Each of these expressions use an iif() function, which takes 3 parameters – iif(boolean expression, "true-part", "false-part" )
It evaluates the boolean expression, and when it’s true, it returns the true-part. Otherwise, it returns the false-part.
In PSLang, a variable is prefixed by $. The variables discussed in this chapter represent a string of characters, or an array of strings.
The characters [n] are placed after variable names to index the n th character in a string, or the n th value in an array, starting from 0. This is used with profile attributes, which can have multiple values. The first of an array of values is represented by $ATTRIBUTE[0], the second by $ATTRIBUTE[1], and so on.
All built-in attributes must be expressed as an array. That is – $FIRST_NAME[0] , $OTHER_NAME[0], $LAST_NAME[0].
IDSYNCH ID PLUGIN MASK
The default function for the IDSYNCH ID PLUGIN MASK is:
iif( (size($LAST_NAME) > 0 && size($FIRST_NAME) > 0), substr($LAST_NAME[0], 0, 5) + substr($FIRST_NAME[0], 0, 1), "" )
First, the boolean expression ensures that there are values for $FIRST_NAME and $LAST_NAME . If check is successful, then it takes the 0-5 characters (first 6) of LAST_NAME and the 0-1 characters (first 2) of FIRST_NAME and put them together to form a user’s profile ID.
If the safety check fails, then it returns an empty string.
FULLNAME
This is used for the value of many target attributes (e.g., displayName on Active Directory):
iif( size($OTHER_NAME) > 0, $FIRST_NAME[0] + " " + $OTHER_NAME[0] + " " + $LAST_NAME[0], $FIRST_NAME[0] + " " + $LAST_NAME[0] )
This first checks whether $OTHER_NAME has any values.

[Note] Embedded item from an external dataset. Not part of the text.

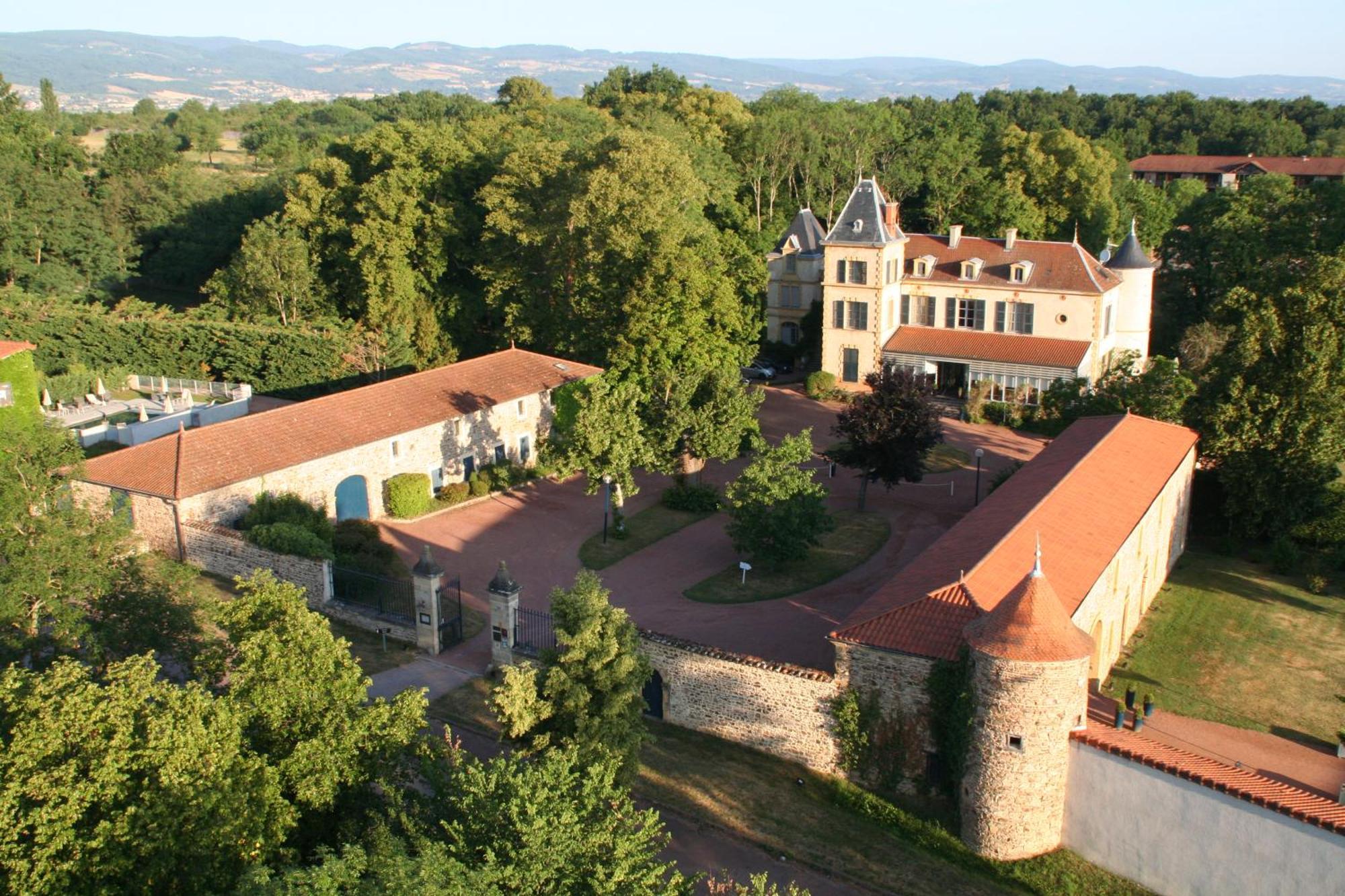 Château de Champlong Table Hôtel **** Golf&Spa Villerest  Exterior foto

If it does, then it composes a string such as “John Angus Doe”. If $OTHER_NAME does not have any values (the user has no middle name) then it composes a string such as “Bill Smith”.
MIDDLE INITIAL
This PSLang expression, also used for the value of target attributes (e.g., initials on Active Directory), contains more than one statement:
var $other = iif( size($OTHER_NAME) > 0, $OTHER_NAME[0], "" ); $other[0];
This retrieves the first character of a user’s “other name”. The $OTHER_NAME variable is an array of strings. Like other profile attributes it could be defined to accept more than one value. So, the expression assigns the first element of $OTHER_NAME (assuming it exists, otherwise it returns a blank string) to $other. Since the variable $other is just a string, and not an array, the expression $other[0] gets just the first character of the “other name”.